__SUPPLIED DATA__
---------------

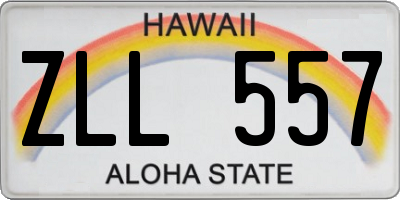 HI license plate ZLL557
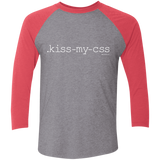 T-Shirts Premium Heather/ Vintage Red / X-Small Kiss My CSS Men's Triblend 3/4 Sleeve
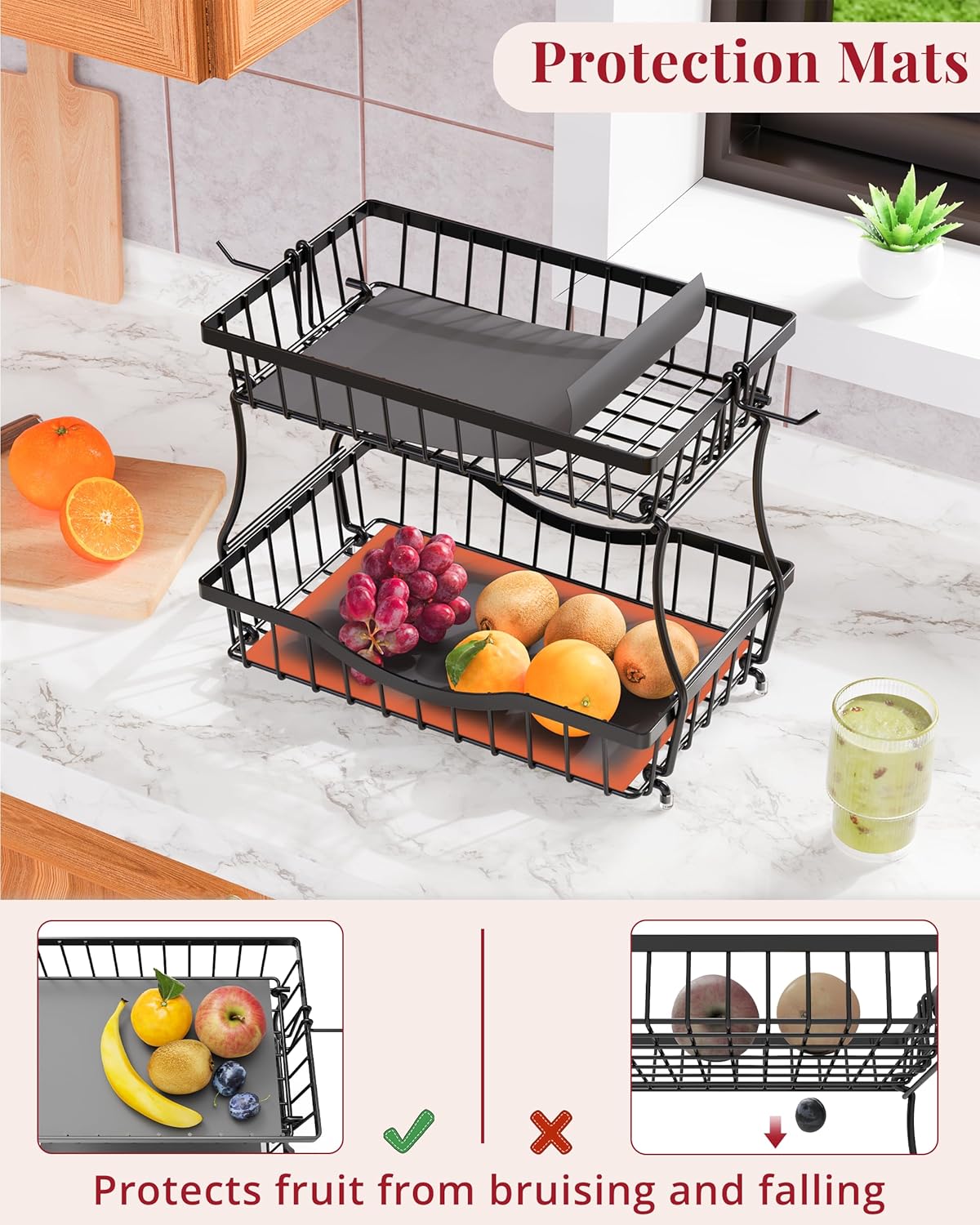 Wide Two-Level Fruit Bowl Rack - Image 3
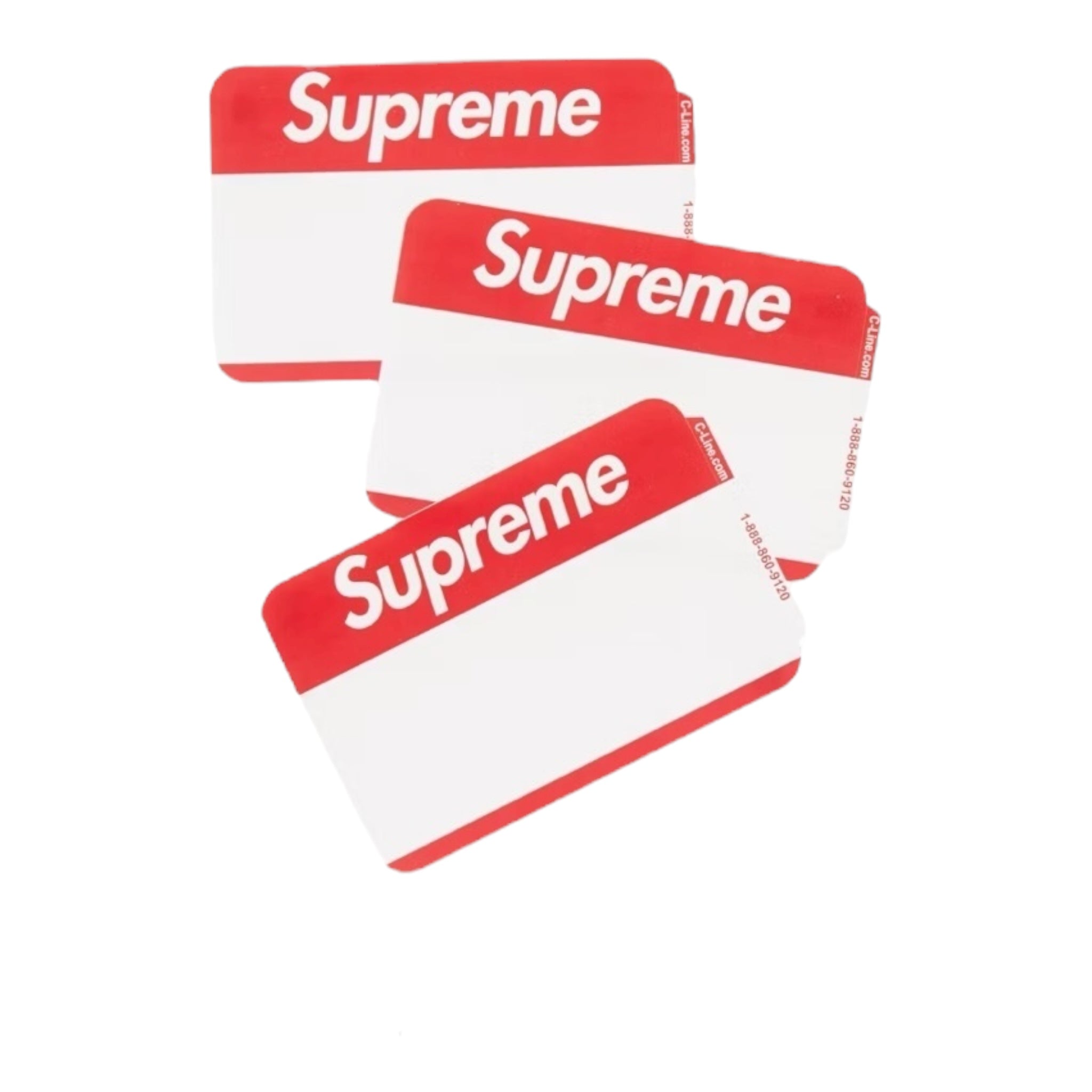 Supreme Name Badge Stickers (Pack of 100) Red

---------------

__EXERCISE AIM__
The task calls for duplicating the data exactly, with no images kept.

__YOUR SOLUTION__
 HI license plate ZLL557
 T-Shirts Premium Heather/ Vintage Red / X-Small Kiss My CSS Men's Triblend 3/4 Sleeve
 Wide Two-Level Fruit Bowl Rack - Image 3
 Supreme Name Badge Stickers (Pack of 100) Red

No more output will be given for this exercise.